-- EXERCISE AIM --
Each line, starting at the one with "Mujjo Leather MagSafe Wallet - Basalt" and running to the end of the data below, is to be set down again exactly, both ends included; leave pictures out.

-- DATA PROVIDED --
= = = =

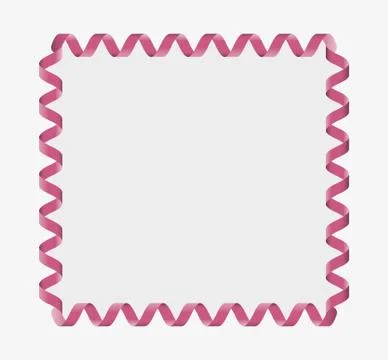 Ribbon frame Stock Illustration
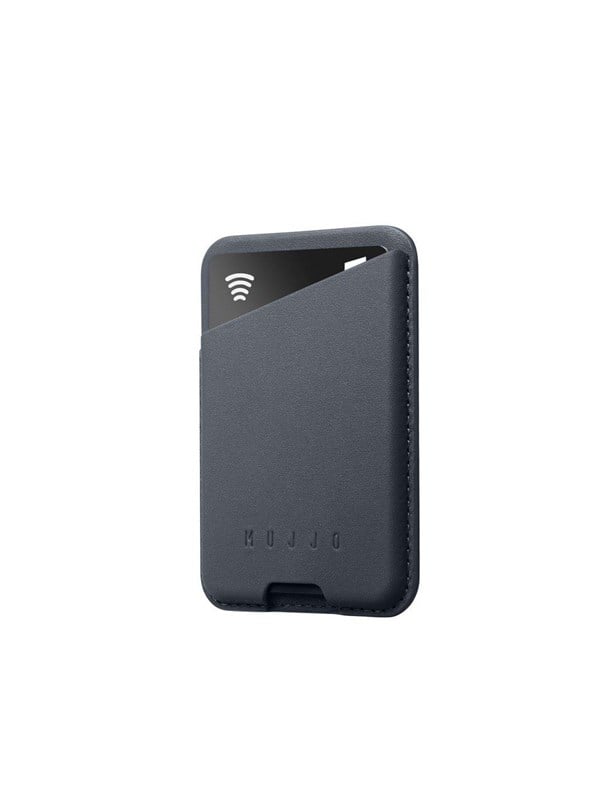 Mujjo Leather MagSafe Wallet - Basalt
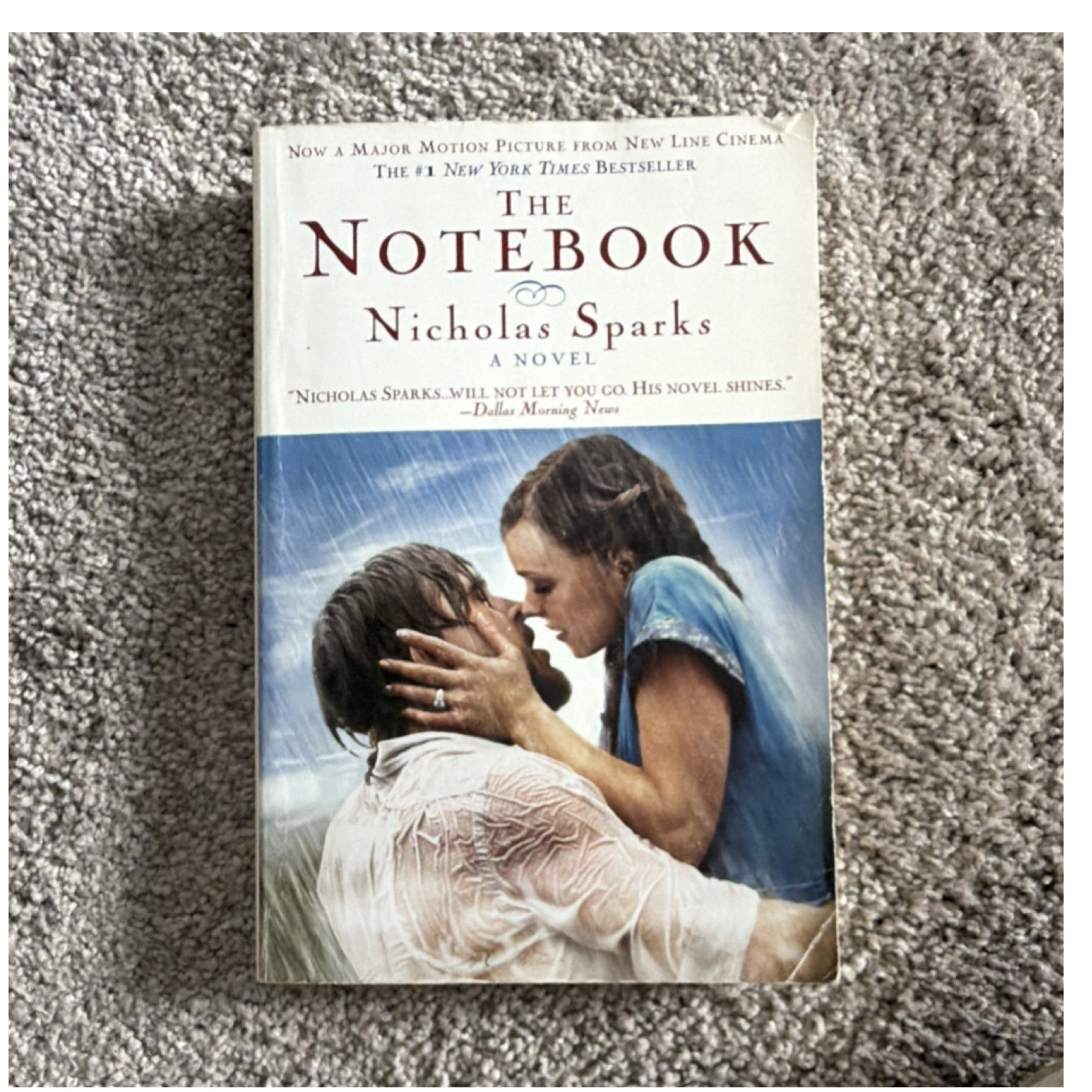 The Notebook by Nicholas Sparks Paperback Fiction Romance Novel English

= = = =

-- PROBLEM SOLUTION --
 Mujjo Leather MagSafe Wallet - Basalt
 The Notebook by Nicholas Sparks Paperback Fiction Romance Novel English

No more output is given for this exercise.